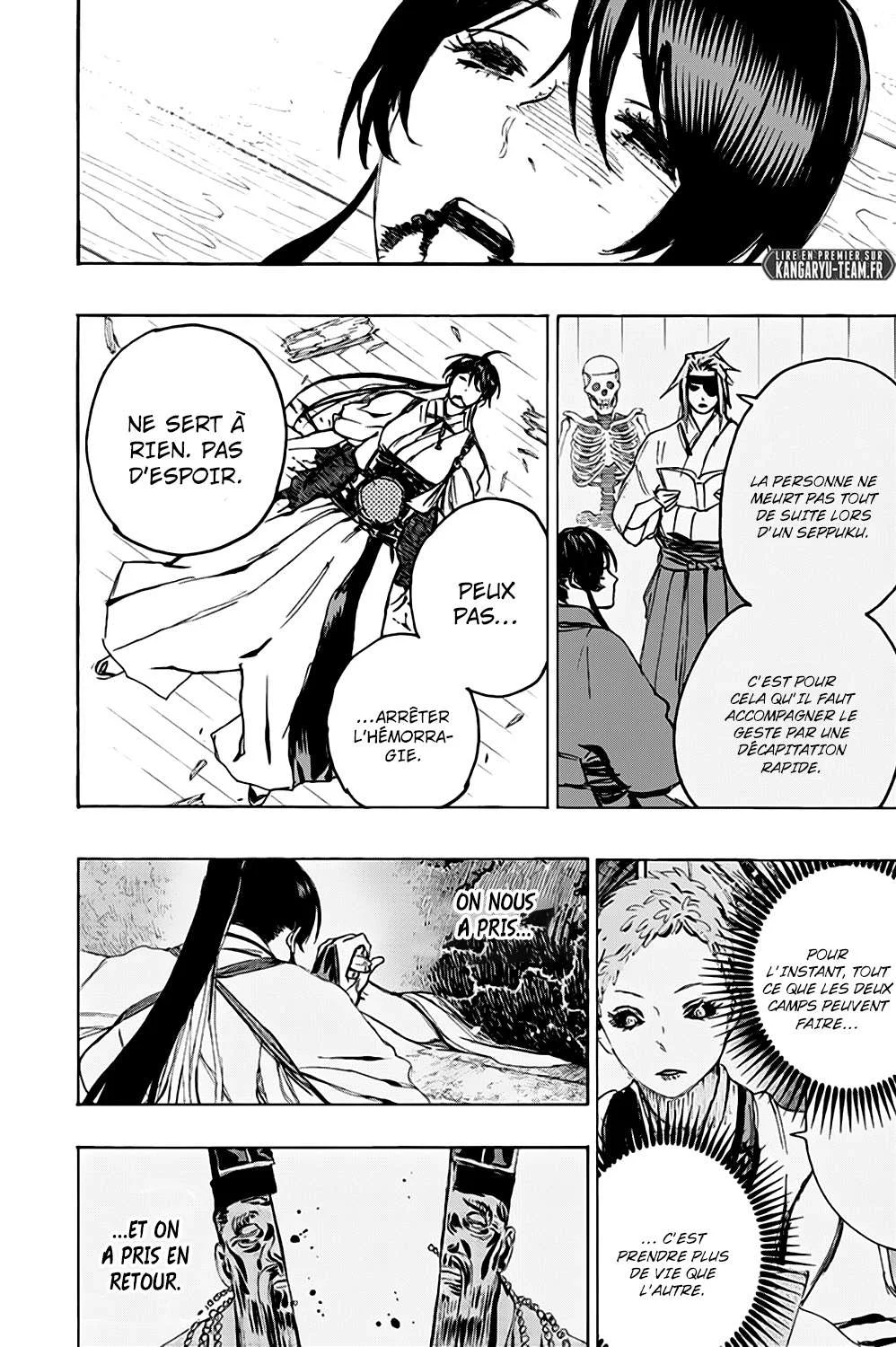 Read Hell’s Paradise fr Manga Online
---
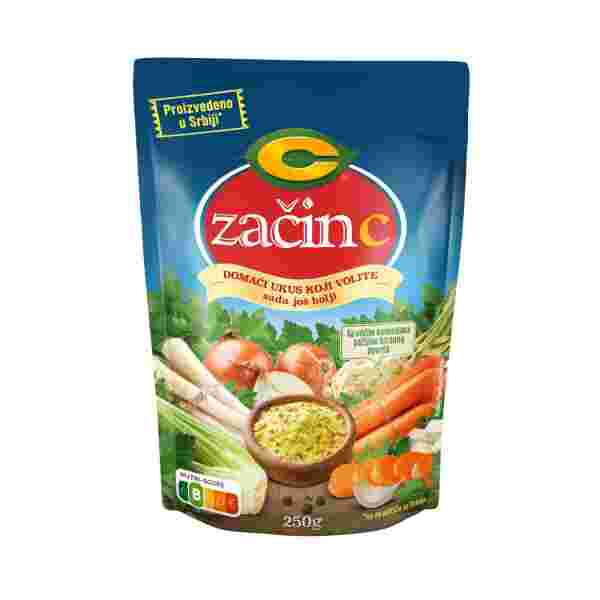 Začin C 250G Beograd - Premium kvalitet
* * *
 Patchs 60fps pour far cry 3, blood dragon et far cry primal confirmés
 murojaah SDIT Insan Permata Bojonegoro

# [Directions for this task]
Among the records above, only the lines between the line holding "Patchs 60fps pour" and the line holding "murojaah SDIT Insan Permata Bojonegoro", inclusive, are to be output, exactly as written.

# [Your response]
 Patchs 60fps pour far cry 3, blood dragon et far cry primal confirmés
 murojaah SDIT Insan Permata Bojonegoro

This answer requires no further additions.